Stefan Fehrenbach
2015-11-19

The Lean Theorem Prover

Some time ago I heard about the Lean theorem prover. I think it was before I interned at Microsoft Research. While I was there, someone mentioned it and its online tutorial. A couple weeks back I stumbled again over the Lean tutorial. This time I actually tried it. It’s cool.

Compared to other proof assistants and dependently typed languages it is very approachable. The tutorial does not make too many assumptions. Most importantly, there is a code editor and a running Lean process right there in the browser. No fighting cabal or installing proof general to try things.

So I worked through the tutorial, which has exercises! As with most things, I did not really have a reason. I did it for the fun of it.

This week, Brian McKenna asked on Twitter (presumably as an exercise) for a function that is both idempotent and an involution.

Idempotent: f(f(x)) = f(x)
Involution: f(f(x)) = x

Find functions with either property.
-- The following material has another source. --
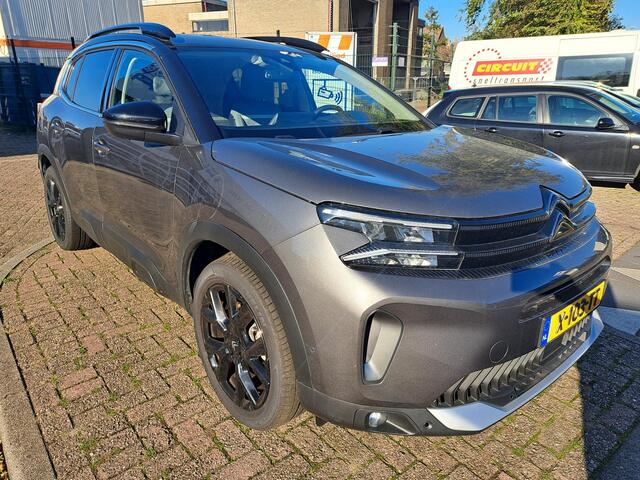 Citroen C5 Aircross 1.2 Hybrid ë-Series Mild Hybrid/Adaptieve Cruise Control/Navi/Duo-Tone/GEEN AFLEVERKOSTEN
How many functions can you find which have both?

There is only one function with both properties: the identity function.

He later linked to proofs in Idris and Coq. I thought that would make a nice exercise in Lean. It is not exactly my problem, but, unlike exercises in the tutorial, it is also not explicitly positioned as a Lean exercise. There were solutions to take inspiration from, but my own ended up being quite different.

open function

lemma ideminvoid (A : Type)
                 (f : A -> A)
                 (f_idem : forall x, f (f x) = f x)
                 (f_invo : forall x, f (f x) = x)
                 : forall x, f x = id x :=

take x, calc f x = f (f x) : f_idem
             ... = x       : f_invo
             ... = id x    : rfl

I like the calc part of the proof. It reads very much like a proof on a whiteboard: f(x)=f(f(x)), because f is idempotent; f(f(x)) = x, because f is an involution; x = id(x), because rfl, which stands for “just evaluate both sides and see that they are the same thing”, in this case, we just use the definition of id.

Unfortunately, the tool support for doing actual proofs (as opposed to doing the tutorial) is a bit “meh” compared to Agda, Idris, and Coq. Lean has an Emacs mode, but it’s not great. I also don’t quite understand why they don’t use proof general. To be fair, it’s a very young project.

Anyways, this is what a proof (by a complete beginner) in Lean looks like.